Michael Walpole (1570–1624?), was an English Jesuit and controversialist.

Life
Walpole, youngest of the four brothers of Henry Walpole, was baptised at Docking, Norfolk, on 1 Oct. 1570. When John Gerard landed in Norfolk in 1588, he made the acquaintance of the Docking household, and young Michael attached himself to the Jesuit. When Henry Walpole was taken prisoner at Flushing, Michael went to his assistance and procured his ransom.

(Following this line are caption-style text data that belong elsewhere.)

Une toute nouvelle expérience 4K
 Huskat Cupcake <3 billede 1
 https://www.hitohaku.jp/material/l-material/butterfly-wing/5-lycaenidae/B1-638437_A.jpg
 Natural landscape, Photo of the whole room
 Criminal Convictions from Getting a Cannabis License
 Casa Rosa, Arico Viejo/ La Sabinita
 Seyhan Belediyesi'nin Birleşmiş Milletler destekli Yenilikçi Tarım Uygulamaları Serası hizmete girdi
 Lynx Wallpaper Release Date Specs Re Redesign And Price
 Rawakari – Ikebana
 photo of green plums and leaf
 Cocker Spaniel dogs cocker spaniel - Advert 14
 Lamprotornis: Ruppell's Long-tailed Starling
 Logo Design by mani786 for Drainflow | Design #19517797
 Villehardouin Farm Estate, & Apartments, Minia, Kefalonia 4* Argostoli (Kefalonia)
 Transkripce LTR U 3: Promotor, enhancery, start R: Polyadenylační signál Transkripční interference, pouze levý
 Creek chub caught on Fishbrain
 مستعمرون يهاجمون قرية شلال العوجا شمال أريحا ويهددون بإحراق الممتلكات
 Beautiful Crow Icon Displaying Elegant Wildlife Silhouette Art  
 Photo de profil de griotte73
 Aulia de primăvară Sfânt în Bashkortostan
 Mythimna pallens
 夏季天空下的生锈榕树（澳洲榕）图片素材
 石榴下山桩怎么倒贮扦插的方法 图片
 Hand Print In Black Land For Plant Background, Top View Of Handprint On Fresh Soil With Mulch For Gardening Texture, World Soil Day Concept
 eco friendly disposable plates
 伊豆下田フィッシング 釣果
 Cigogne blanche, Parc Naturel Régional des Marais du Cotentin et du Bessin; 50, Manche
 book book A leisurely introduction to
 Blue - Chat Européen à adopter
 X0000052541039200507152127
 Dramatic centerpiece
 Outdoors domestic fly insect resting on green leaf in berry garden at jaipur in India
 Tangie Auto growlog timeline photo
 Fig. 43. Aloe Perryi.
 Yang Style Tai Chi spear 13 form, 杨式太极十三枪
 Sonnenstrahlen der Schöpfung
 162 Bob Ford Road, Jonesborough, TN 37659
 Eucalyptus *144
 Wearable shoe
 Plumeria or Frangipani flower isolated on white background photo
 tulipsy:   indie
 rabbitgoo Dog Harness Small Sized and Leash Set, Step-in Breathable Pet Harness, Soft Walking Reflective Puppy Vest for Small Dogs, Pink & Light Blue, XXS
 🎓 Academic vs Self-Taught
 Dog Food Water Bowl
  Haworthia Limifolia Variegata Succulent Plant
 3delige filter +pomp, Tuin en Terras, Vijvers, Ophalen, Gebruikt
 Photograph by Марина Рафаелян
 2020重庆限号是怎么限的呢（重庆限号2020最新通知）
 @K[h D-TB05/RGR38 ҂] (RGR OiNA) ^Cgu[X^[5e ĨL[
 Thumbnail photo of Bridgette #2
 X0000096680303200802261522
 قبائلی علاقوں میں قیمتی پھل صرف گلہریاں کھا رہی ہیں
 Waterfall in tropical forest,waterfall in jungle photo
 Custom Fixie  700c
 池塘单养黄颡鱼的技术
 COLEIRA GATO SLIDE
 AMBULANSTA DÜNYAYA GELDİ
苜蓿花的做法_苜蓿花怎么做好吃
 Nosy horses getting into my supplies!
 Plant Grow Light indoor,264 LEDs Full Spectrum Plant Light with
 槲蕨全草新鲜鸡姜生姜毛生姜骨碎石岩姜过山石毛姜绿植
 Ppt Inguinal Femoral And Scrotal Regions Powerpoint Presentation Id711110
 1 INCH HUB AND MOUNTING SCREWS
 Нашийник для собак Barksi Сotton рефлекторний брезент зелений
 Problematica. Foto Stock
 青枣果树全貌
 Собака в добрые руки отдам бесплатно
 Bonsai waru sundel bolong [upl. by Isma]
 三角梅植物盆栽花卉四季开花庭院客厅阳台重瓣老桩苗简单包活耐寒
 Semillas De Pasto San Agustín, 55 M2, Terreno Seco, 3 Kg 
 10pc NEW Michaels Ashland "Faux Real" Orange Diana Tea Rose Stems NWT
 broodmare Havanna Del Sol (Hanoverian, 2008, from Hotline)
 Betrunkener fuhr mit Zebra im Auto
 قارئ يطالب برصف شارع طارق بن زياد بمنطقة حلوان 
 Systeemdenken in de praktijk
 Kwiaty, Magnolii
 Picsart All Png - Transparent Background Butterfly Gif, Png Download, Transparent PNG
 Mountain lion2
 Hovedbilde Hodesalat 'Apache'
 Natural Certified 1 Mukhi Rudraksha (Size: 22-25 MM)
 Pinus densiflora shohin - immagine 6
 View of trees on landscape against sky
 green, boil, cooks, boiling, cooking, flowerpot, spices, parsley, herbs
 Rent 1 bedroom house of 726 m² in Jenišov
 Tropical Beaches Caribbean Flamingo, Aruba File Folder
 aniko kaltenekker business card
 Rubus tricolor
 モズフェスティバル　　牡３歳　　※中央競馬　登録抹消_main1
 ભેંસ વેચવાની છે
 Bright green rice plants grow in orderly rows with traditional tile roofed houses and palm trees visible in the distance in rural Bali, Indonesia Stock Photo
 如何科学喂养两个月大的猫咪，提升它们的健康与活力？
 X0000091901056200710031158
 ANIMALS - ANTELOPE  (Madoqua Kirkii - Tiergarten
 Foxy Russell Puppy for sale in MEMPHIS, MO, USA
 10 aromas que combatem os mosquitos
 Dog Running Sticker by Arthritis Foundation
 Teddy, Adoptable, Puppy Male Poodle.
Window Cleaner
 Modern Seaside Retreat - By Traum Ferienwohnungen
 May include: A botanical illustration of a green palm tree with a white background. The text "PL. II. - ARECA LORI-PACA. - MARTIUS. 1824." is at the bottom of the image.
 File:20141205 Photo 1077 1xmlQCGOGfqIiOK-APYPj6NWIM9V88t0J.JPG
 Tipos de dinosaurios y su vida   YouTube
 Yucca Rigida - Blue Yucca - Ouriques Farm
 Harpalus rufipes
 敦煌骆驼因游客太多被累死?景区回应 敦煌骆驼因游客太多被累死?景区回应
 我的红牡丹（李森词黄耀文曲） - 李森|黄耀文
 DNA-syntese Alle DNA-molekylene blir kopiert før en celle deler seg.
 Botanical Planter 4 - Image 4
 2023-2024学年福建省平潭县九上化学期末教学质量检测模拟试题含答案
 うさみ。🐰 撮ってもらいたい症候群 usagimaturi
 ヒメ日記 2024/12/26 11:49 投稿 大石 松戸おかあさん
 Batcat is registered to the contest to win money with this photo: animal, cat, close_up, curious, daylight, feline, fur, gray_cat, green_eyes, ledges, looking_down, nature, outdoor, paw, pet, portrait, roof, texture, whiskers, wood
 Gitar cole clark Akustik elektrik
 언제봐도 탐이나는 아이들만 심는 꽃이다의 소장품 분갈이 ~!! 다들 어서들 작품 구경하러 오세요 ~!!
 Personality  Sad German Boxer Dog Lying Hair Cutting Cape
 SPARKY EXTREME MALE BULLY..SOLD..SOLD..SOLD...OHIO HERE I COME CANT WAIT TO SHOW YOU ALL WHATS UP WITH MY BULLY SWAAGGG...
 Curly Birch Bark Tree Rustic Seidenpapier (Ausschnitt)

He entered the Society of Jesus on 7 Sept. 1593. Doña Luisa de Carvajal came to England in 1606, and he appears to have been her confessor or spiritual adviser. In 1610, while in attendance on this lady, he was arrested and thrown into prison; but on the intervention of the Spanish ambassador Gondomar he was released, though compelled to leave the country.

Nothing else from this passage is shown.